Triangle Series Second Leg at Lac du Der 3rd-5th June – Social Report
I cannot tell a lie. The organisers advertised free alcohol and fifteen races and, if truth be known, we should have believed the forecast and left the boats at home. That would have left more time for the free, cold Champagne. The weather hit a Caribbean like 30 degrees on all three days and the free cold champagne was well received. However the ferry fare had been paid so with a knotted handkerchief to keep the sun off the bald bits and socks to protect the delicate British feet from sandal sunburn we set off to Lac du Der. Said handkerchief was much in use as we bade farewell to the white cliffs and headed for foreign fields. Tears, hay fever, seasickness and seagull white stuff were all dried before the square of cotton was donned again for arrival at Calais and the kind greetings of the French gendarmerie and douanes. Did they think we were taking illegal immigrants out of the UK? My cover was taken off and replaced more times than a reusable French parcel.
For those of my readers who understand French geography the lake in question lies firmly in the Champagne region and our hosts fully lived up to their offer of free alcohol. The Champagne was cold and free. One room of the sailing centre was fully equipped with all items needed to get drunk very quickly. My champagne flute that was used to convey the cold, free champagne to my mouth was swiftly discarded for a much larger container. Our accommodation was faultless and even boasted rotary exercise equipment for a small consideration. Breakfast was, as you would expect, very French with croissants, Pain au chocolat, whisky marmalade and cold, free champagne which could be had with or without orange juice. The village of Giffaument Champeaubert is not known as the Las Vegas of the region for no reason and the local casino was discretely placed directly in line between the accommodation and the sailing venue and this was where the only ATM for twenty five kilometers was to be found.

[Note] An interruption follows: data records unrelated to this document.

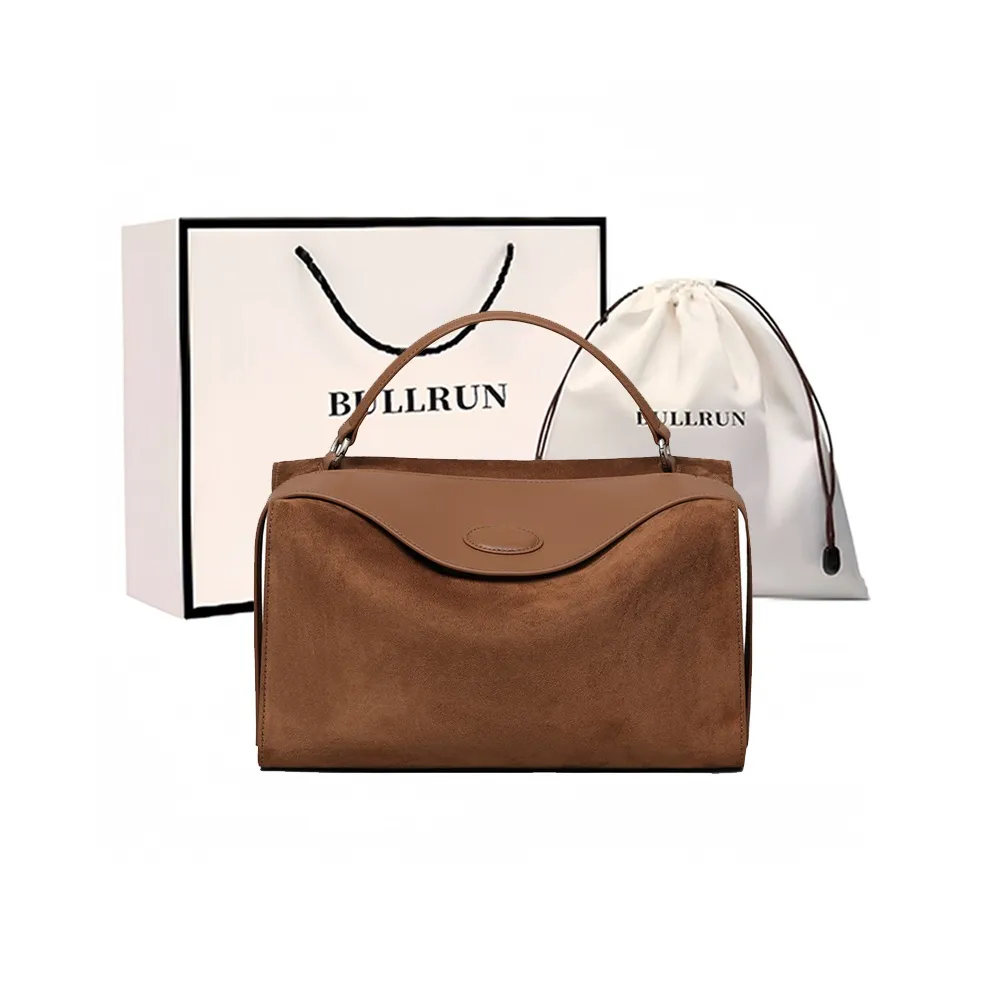 Bullrun Коровья кожа Через плечо Одно плечо Сумка Обычный Женский Молочно-чайный коричневый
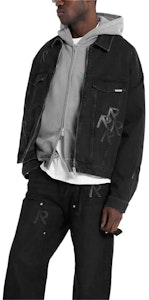 REPRESENT R4 イニシャル ブラック デニム ジャケット レタープリント メンズ 長袖 MJ6004-171 Details for REPRESENT R4 イニシャル ブラック デニム ジャケット レタープリント メンズ 長袖 MJ6004-171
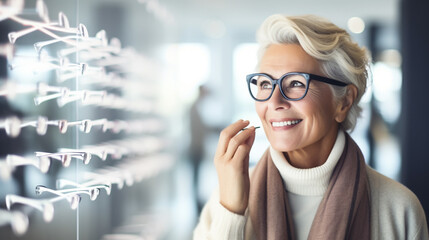 Elderly woman choosing reading glasses in optical shop - obrazy, fototapety, plakaty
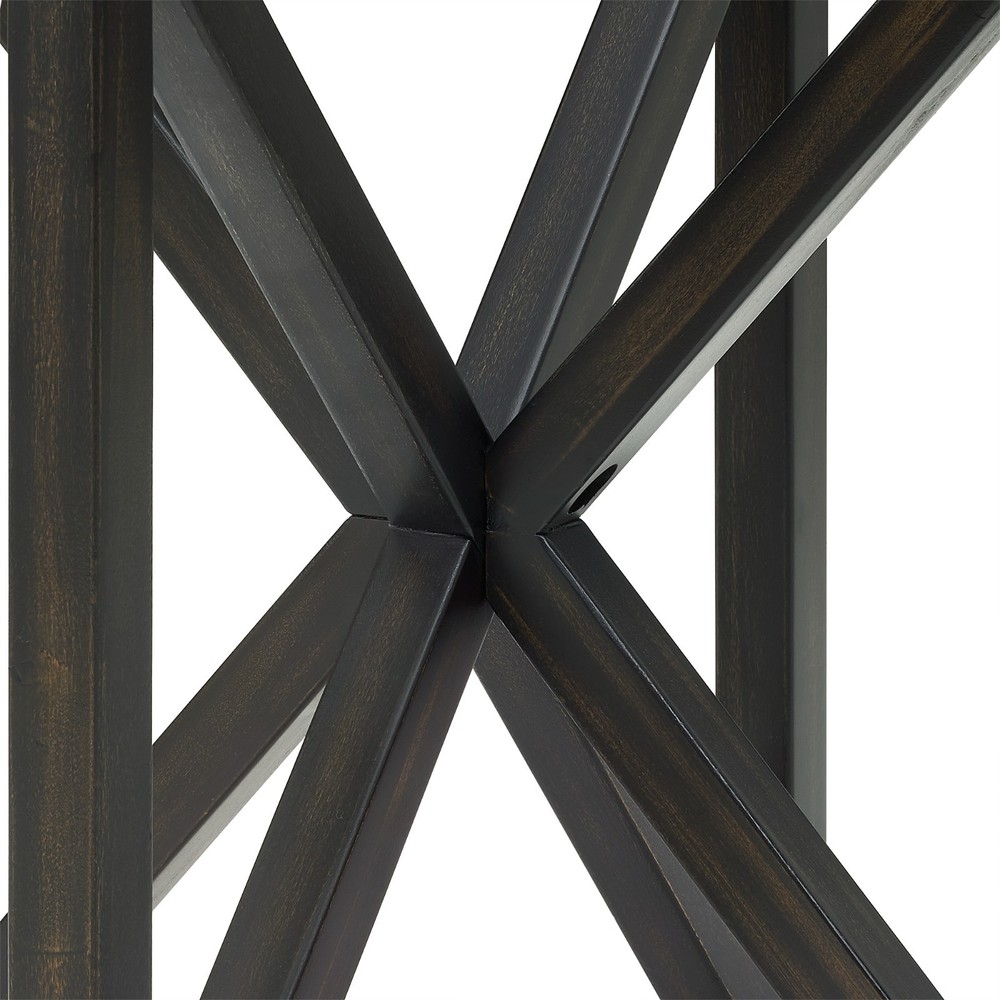 Modern Glass Coffee Table - Tempered Round Top, Solid Wood Base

Of course we didn’t need the ATM as all the cold champagne was free.
The sailing competition initially came in the form of wads of Euros that was used by the jolly foreigners to purchase boats and sails to such an extent that a check had to be made to ensure we had enough kit left to sail in the regatta. The British contingent decided that the evening dining experiences should not be shared with those having questionable eating habits so we sipped our cold, free champagne as a group before demolishing sides of beef, chips, salads, Scallops St. Pierre, burgers, Lamb steaks and a few French Fries before more cold, free champagne to wash down the Crème Brulee.
I can’t remember much about the sailing. It was great to see some old friends and make new ones who all helped us enjoy the free, cold Champagne. Much better than that old beer and rum in Barbados.
Outstanding report, certainly a great time was had.